The European Central Bank (ECB) has chosen to maintain its primary interest rate at 3.75 percent, fuelling speculations of a potential rate cut in September, despite uncertainty tied to geopolitical issues and swift wage increases that might continue to inflate prices. This decision by the ECB’s governing council to steady its benchmark deposit rate meets market predictions.

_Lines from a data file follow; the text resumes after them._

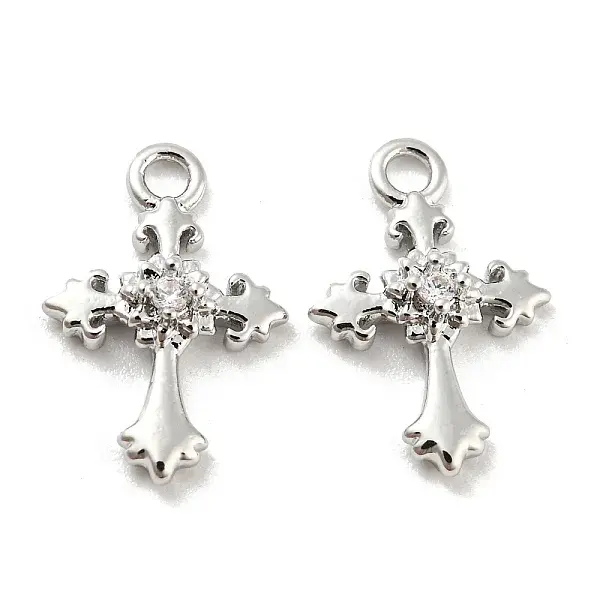 Brass Micro Pave Cubic Zirconia Charms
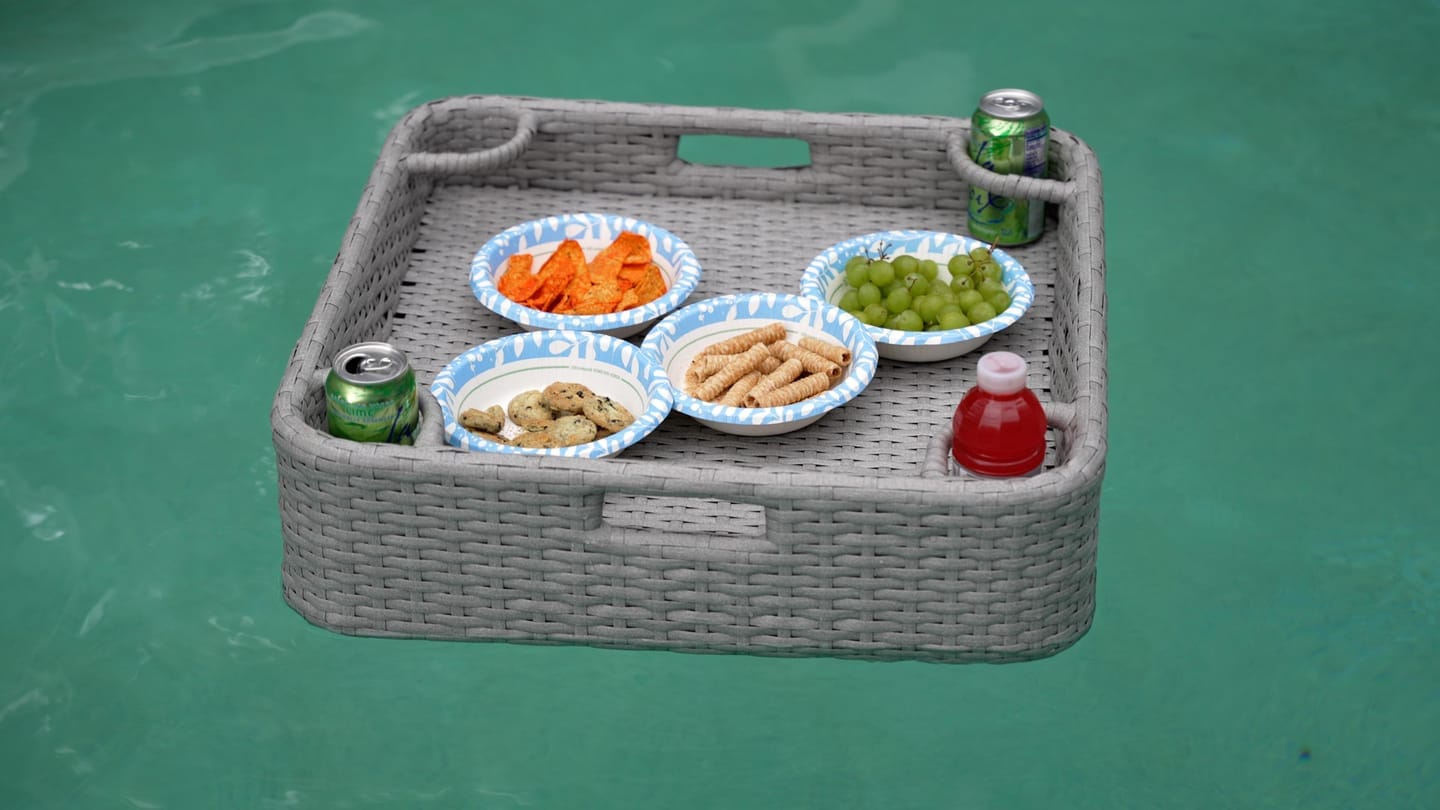 Customer photo review of 61x61 CM Wicker Floating Pool Trays - Grey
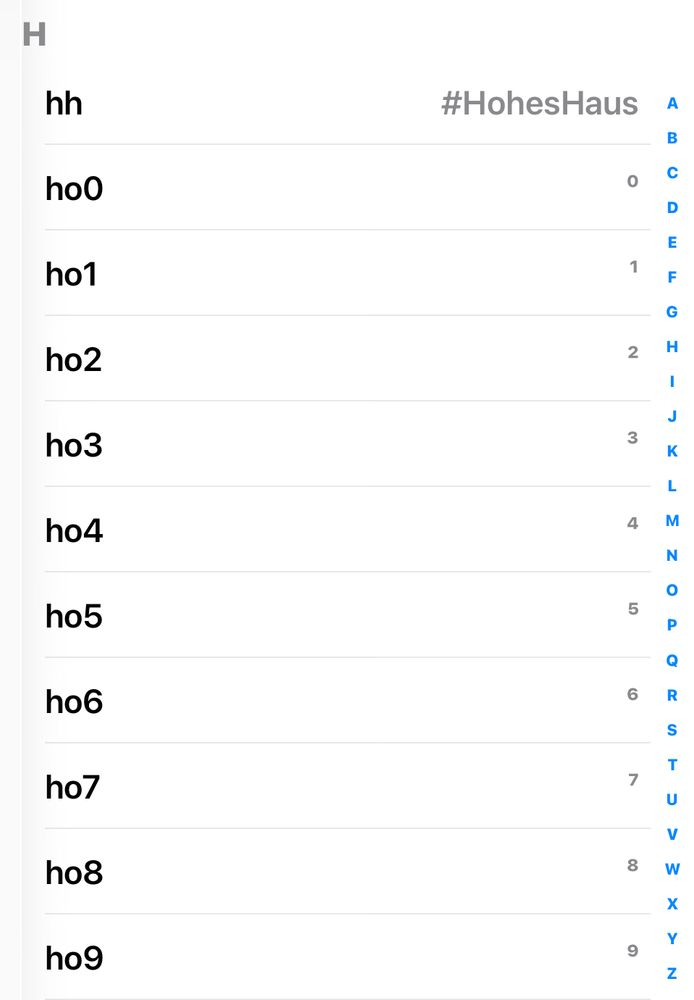 A list displaying "ho0" through "ho9" with corresponding numbers, alongside a column of letters from A to Z and a hashtag with the words "#HohesHaus" at the top.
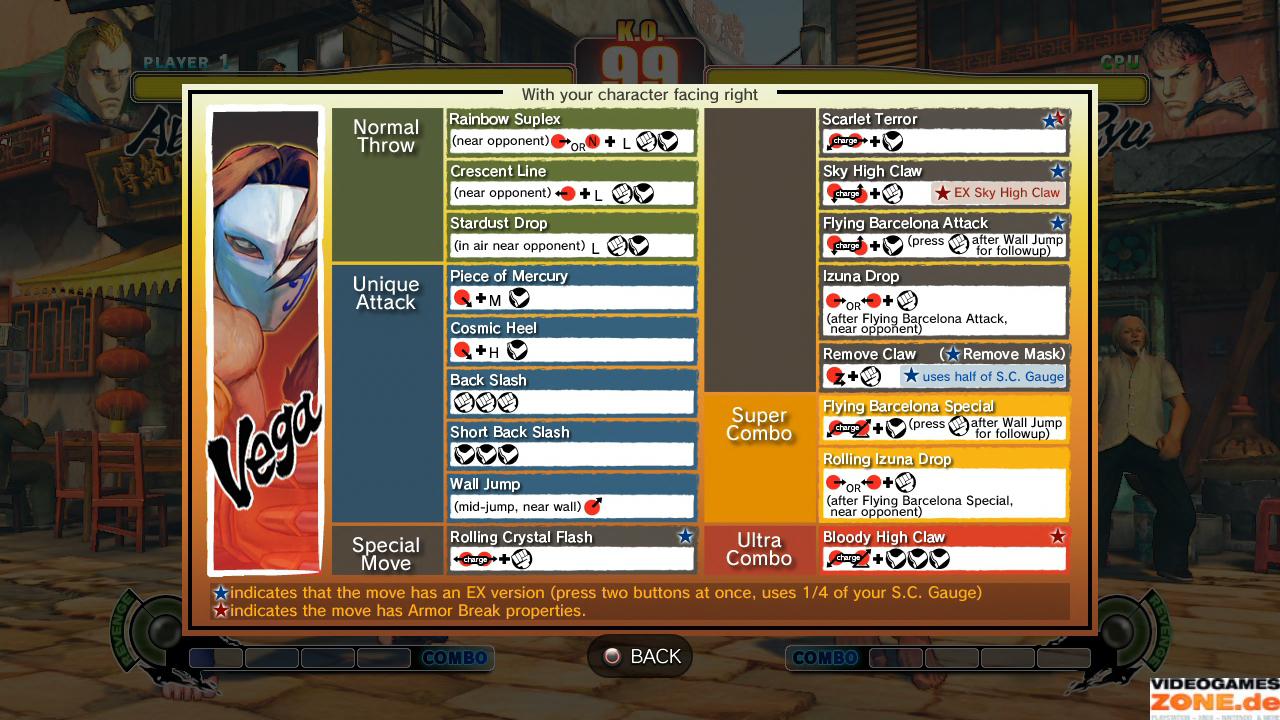 [26/02/2009] Street Fighter 4 Moves: Alle Combos von Vega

Investors, however, will closely tune into ECB President Christine Lagarde’s press briefing on Thursday to gain insights on potential future rate reductions, following the initial quarter percentage point decrease in June. Most financial analysts anticipate the ECB to potentially lower rates at its ensuing meeting set for September 12, given the supporting data indicating a foreseeable decrease in inflation towards its projected goal of 2 percent by the end of the following year.
The growth in consumer price in the Eurozone has eased from its peak of 10.6 percent in October 2022 to 2.5 percent in June. Rate setters are apprehensive about political upheaval, specifically following the recent ambiguous election results in France which escalated scepticism over whether a profligate new government in the region’s second largest economy would trigger inflation.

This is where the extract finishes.